Obedience and faith—there is a “what” and there is a “how.” There is an end and there is a means. There is a goal for us to attain and a path on which we pursue it.

Two gospel enemies

The Gospel always lives in the presence of two enemies. One is called “legalism,” and the other is called “antinomianism.”

Legalism says, “Obey God’s command, so that you may believe His promise.” Or to put it another way, “You have to start keeping the law in order to come to Christ. If you are going to become a Christian, clean up your life first. Leave your sins in order to come to Christ. Don’t think that you can come to Him until you do.”

The problem here is obvious: If you have to clean up your life in order to come to Christ, by what power are you going to clean up your life? How will anyone ever be able to come?

Antinomianism says the opposite, “Believe God’s promise, so that you may ignore His command.” Or to put it another way, “If you come to Christ, you do not need to worry about keeping the law. Trust in Christ and don’t worry about cleaning up your life. As long as you believe in Him, nothing else matters.”

Paul deals with this problem in Romans 6: “Shall we continue in sin that grace may abound?” The answer is, “By no means!” Why not? Faith unites us with Christ in His death and resurrection, so that through this union the believer is brought into a new life.

In every church you will find some who sin carelessly and live presumptuously, and you will find others who are defeated by their own failure, and overwhelmed by a sense of their own unworthiness.  The answer to both of these errors is found in the gospel. The gospel says, “Believe God’s promise, so that you may obey His command.”

The two great enemies of the gospel—legalism and antinomianism—are answered right here in Romans 1:5, where Paul speaks about “the obedience of faith.”

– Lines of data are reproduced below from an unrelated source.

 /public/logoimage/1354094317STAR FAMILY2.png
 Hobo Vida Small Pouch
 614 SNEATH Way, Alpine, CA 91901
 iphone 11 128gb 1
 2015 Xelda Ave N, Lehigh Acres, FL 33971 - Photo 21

The Gospel Answer to Antinomianism:

God Calls You to a Life of Obedience

The big picture

God created Adam and Eve in His image, so that they reflected His glory, and lived under His blessing. By listening to the Word of God, they walked in fellowship with Him and were kept from all evil.

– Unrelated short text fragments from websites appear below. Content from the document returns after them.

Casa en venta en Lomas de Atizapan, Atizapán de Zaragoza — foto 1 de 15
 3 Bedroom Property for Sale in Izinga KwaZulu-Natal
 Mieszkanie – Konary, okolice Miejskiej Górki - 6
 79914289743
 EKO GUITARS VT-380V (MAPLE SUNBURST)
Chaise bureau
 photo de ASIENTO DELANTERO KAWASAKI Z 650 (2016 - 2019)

Then Satan came into the Garden. His great objective was to recruit the man and the woman, and all who would follow them, into his own great rebellion against God.

Satan’s great purpose is to destroy every expression of the glory of God. He wants you to hate God, tempts you to defy God, and invites you to be your own god. That is why he came into the garden, right at the beginning of the bible story, stalking our first parents.

Adam and Eve listened to Satan, and were enticed by him. They disobeyed God, and in that disobedience a powerful force, that the Bible calls “sin,” got into them, and because they were our first parents, it got into us.

Sin, in its very essence, is disobedience to God. It is more serious than our mistakes and failures, and more damaging than our shortcomings and lapses. The essence of sin is that we trust ourselves more than we trust God, love ourselves more than we love God, and serve ourselves more than we serve God.

Because of this, God’s glory is obscured in us more than it is reflected through us: “All have sinned and fall short of the glory of God” (Romans 3:23). This is what we need to be redeemed from.

God’s plan to redeem sinners

But God knew what He was doing when He allowed the serpent into the garden. A redeemed creation will reflect God’s glory more than an innocent one ever could.

God determined before the beginning of time that He would redeem sinners through His Son. He would come to us by His human birth, atone for us through His sacrificial death, and then bring us into new life by His resurrection from the dead.

This was God’s plan to display His grace through His Son for the everlasting joy of His people and for His own everlasting glory. At the end of human history, God’s glory will be on display everywhere. His glory will be reflected, like light in the facets of a diamond, in the vast multitude of His redeemed people.

These redeemed people will have experienced God’s grace in ways that even angels have not known. They have come to love Him and rejoice in Him forever. No one who hates God will be there. No one who defies God will be there. No one who wants to be their own god will be there.

That’s where history is headed. That is what God’s purpose will look like, when it is complete, in the new heaven and the new earth. “When we see Christ we will be like him” (1 John 3:2).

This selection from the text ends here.